The Industry Formerly Known as Cleantech – A Q&A with Bryan Birsic

The Industry Formerly Known as Cleantech – A Q&A with Bryan Birsic

Of all the ideas I heard at the Cleantech Forum 2015, one concept is sticking with me: the very name of the conference belies a transition taking place among “cleantech” companies to position themselves within more appropriate competitive sets as their technologies mature from testing to scaled deployment.

Companies formerly promoted as cleantech are finding new ways to get funding by repositioning the core value of their product or service. In 2003, for example, a company could attract money for being a solar company, period. Things are different in 2015.

I’ve captured below my conversation about this topic with Bryan Birsic, cofounder and CEO of Wunder, a financial tech company that happens to serve the solar market. That descriptor will make sense as you read through the Q&A with Bryan below, edited for brevity:

Q: During a panel discussion at the Forum, you said that Wunder has achieved financial and operational benefits because you positioned the company as a financial technology company with solar customers. Why not position yourself as a solar or cleantech company with investors?

A: Investors remember the cleantech wave of 2005 to 2009 – this hype cycle was like the IT investment cycle – there was a first wave of market progression in which the cost per value of hardware went down. For IT, this wave was roughly ’95 to ’99 when investors were placing a bet on technology, not the market place. Those types of investments are very capital intensive – going from lab to commercial scale. It could involve building a $50-100M manufacturing facility, and that’s before you figured out if it could scale. This tends to be a winner-takes-all market in which cost advantages go to the top player.

I’m attracting investment for applications built on top of what is now cheap hardware – solar panels – thanks to thousands of lab experiments out of MIT and other labs.

The next wave of cleantech investment will be everything that’s not hardware. For solar, it’s software focused on things like customer acquisition, procurement and financing. Tech investors understand the dynamics of an IT investment – that’s stuff they’ve been doing well since 2005 – essentially financing nothing more than labor in a capital-efficient environment.
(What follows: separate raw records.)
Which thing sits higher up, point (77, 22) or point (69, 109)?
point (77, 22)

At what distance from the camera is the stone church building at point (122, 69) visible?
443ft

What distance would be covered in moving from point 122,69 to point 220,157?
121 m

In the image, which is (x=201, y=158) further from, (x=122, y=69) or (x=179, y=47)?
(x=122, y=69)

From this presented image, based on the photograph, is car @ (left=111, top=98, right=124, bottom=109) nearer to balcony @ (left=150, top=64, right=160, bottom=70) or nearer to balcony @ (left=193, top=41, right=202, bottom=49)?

Q: So how did you position yourself?

A: I realized quickly “another comp”! [competitive set] would benefit us more than the cleantech label. ‘Fintech’ [financial technology] provided the pattern recognition we needed, much like successful companies like Lending Club and Deck Capital.

Q: But don’t they still have uncertainty or doubt around the solar part of your business?
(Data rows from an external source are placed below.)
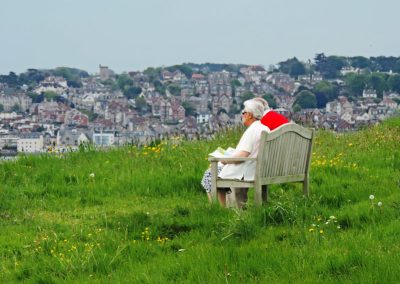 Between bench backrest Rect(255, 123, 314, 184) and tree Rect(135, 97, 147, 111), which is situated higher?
bench backrest Rect(255, 123, 314, 184)

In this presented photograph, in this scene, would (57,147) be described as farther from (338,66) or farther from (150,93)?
(338,66)

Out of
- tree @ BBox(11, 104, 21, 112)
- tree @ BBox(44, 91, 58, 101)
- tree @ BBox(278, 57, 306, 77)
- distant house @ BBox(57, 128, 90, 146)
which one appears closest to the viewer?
distant house @ BBox(57, 128, 90, 146)

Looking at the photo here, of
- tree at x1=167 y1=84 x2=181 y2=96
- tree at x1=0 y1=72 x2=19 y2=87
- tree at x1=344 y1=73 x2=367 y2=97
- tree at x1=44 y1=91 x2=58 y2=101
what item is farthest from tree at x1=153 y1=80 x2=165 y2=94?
tree at x1=344 y1=73 x2=367 y2=97

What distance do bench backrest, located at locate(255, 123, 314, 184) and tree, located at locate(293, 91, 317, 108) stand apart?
350 feet

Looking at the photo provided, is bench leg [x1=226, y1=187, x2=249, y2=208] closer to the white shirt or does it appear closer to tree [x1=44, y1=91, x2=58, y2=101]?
the white shirt

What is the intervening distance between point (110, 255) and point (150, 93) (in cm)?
14232

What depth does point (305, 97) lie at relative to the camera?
123 meters

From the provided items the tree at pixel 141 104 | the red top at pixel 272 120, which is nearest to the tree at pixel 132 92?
the tree at pixel 141 104

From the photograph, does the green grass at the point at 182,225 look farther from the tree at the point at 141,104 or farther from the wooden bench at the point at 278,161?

A: Let’s say the solar market is not as exciting as I am quite convinced it will be; the underlying platform we’re building can be used for energy efficiency or a variety of other markets. The underlying value and IP would have applications elsewhere. Still, investors do need to get comfortable with the market size and future prospects. With East Coast investors, the trick is finding one who takes the time to get comfortable with the solar market, which is often new to them. West Coast investors know solar – of course – and that’s a very different challenge given the scar tissue from previous solar investments in Silicon Valley.

Q: How do you square being a financial tech company and a solar company at once?

A: We have internal and external ways of understanding our company. If externally we feel the need to sometimes downplay the idealism and play up financials with investors, we still recharge the idealistic juices with stakeholders that value our mission – namely employees and potential hires. That said, investors are getting more comfortable with idealistic investing, as evidenced by B-corps and other social investing structures gaining popularity. I truly believe that investors benefit by our idealism – the shared mission creates advantages in hiring and marketing that investors increasingly see creates objective advantages in backing a company of that stripe.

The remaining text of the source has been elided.